Abstract

Coastal marshes are transitional areas between terrestrial and aquatic ecosystems. They are sensitive to climate change and anthropogenic activities. In recent decades, the reclamation of coastal marshes has greatly increased, and its effects on microbial communities in coastal marshes have been studied with great interest. Most of these studies have explained the short-term spatiotemporal variation in soil microbial community dynamics. However, the impact of reclamation on the community composition and assembly processes of functional microbes (e.g., ammonia-oxidizing prokaryotes) is often ignored. In this study, using quantitative polymerase chain reaction and the Ion S5™ XL sequencing platform, we investigated the spatiotemporal dynamics, assembly processes, and diversity patterns of ammonia-oxidizing prokaryotes in 1 000-year-old reclaimed coastal salt marshes. The taxonomic and phylogenetic diversity and composition of ammonia oxidizers showed apparent spatiotemporal variations with soil reclamation. Phylogenetic null modelling-based analysis showed that across all sites, the archaeal ammonia-oxidizing community was assembled by a deterministic process (84.71%), and deterministic processes were also dominant (55.2%) for ammonia-oxidizing bacterial communities except for communities at 60 years of reclamation. The assembly process and nitrification activity in reclaimed soils were positively correlated.
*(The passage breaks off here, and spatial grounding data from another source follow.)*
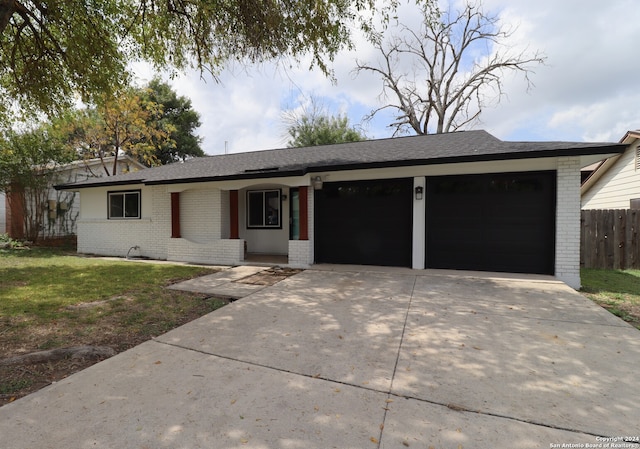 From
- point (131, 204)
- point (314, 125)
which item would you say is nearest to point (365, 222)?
point (131, 204)

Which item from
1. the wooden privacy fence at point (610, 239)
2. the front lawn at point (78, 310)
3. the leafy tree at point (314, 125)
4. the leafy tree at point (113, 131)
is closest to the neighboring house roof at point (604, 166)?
the wooden privacy fence at point (610, 239)

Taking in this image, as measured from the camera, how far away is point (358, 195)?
27.8 ft

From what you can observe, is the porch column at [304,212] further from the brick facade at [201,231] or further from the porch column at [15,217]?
the porch column at [15,217]

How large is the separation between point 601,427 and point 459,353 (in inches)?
47.7

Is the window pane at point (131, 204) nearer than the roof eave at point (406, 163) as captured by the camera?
No

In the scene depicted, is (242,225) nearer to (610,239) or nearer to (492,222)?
(492,222)

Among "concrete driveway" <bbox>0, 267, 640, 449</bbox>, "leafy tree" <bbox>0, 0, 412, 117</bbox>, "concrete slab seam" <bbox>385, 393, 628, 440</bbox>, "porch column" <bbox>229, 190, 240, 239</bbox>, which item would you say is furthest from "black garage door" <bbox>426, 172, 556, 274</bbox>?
"concrete slab seam" <bbox>385, 393, 628, 440</bbox>

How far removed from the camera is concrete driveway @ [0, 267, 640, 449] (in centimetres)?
199

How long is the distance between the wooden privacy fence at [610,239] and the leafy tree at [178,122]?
2634 centimetres

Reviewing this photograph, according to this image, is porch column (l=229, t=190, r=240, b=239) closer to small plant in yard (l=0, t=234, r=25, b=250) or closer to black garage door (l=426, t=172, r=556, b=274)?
black garage door (l=426, t=172, r=556, b=274)

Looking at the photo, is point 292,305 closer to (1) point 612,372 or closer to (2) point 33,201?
(1) point 612,372

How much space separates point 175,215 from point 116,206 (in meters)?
3.55

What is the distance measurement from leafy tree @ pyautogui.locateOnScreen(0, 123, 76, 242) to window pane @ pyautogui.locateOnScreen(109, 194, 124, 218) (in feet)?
10.6

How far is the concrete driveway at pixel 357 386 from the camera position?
1.99 m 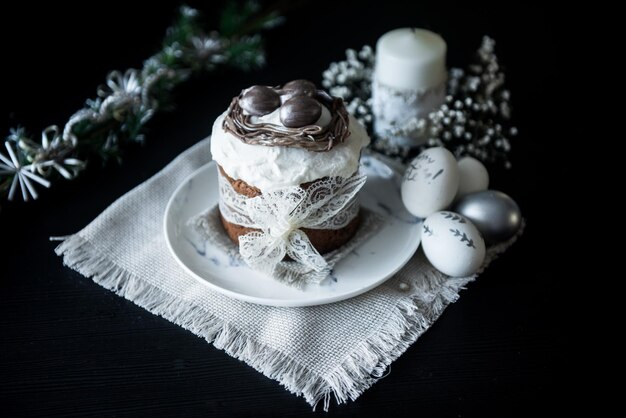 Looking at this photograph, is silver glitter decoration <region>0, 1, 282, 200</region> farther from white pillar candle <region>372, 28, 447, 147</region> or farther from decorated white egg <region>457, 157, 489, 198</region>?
decorated white egg <region>457, 157, 489, 198</region>

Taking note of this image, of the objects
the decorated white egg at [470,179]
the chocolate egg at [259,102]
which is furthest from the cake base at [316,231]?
the decorated white egg at [470,179]

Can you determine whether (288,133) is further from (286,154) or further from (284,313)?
(284,313)

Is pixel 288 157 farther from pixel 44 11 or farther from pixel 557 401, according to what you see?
pixel 44 11

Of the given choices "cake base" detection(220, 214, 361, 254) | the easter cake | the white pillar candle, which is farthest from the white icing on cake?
the white pillar candle

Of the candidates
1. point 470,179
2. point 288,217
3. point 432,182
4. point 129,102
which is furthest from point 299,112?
point 129,102

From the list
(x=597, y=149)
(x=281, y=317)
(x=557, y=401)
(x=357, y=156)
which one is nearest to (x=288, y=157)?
(x=357, y=156) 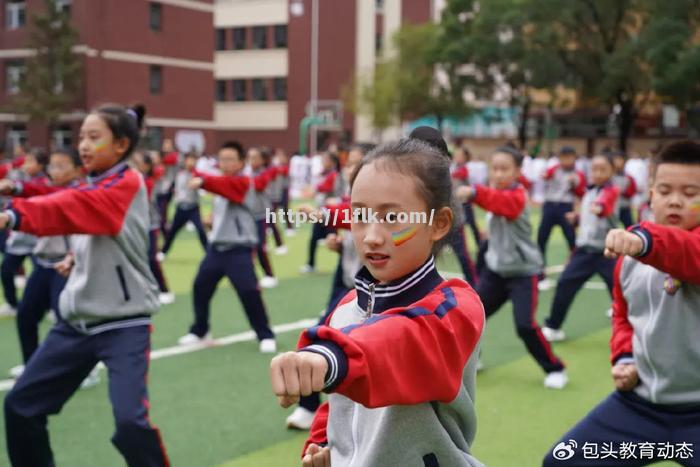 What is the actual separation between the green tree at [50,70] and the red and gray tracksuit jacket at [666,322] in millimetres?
31242

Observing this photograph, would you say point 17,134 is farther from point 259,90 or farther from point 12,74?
point 259,90

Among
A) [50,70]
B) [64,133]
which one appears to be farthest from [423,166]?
[64,133]

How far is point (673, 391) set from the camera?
133 inches

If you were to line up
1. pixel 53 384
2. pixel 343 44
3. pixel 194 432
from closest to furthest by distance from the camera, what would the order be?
1. pixel 53 384
2. pixel 194 432
3. pixel 343 44

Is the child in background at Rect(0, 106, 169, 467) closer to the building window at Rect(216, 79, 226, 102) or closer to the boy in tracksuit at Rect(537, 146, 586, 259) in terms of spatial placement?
the boy in tracksuit at Rect(537, 146, 586, 259)

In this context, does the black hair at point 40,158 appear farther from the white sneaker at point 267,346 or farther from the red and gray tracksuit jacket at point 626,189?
the red and gray tracksuit jacket at point 626,189

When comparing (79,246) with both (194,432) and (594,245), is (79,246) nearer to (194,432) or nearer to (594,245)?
(194,432)

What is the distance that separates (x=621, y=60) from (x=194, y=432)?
26.6m

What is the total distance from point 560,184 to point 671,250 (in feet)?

The abundance of the amoA gene and changes in ammonia-oxidizing archaeal and bacterial diversities significantly affected the nitrification activity in reclaimed soils. These findings suggest that long-term coastal salt marsh reclamation affects nitrification by modulating the activities of ammonia-oxidizing microorganisms and regulating their community structures and assembly processes. These results provide a better understanding of the effects of long-term land reclamation on soil nitrogen-cycling microbial communities.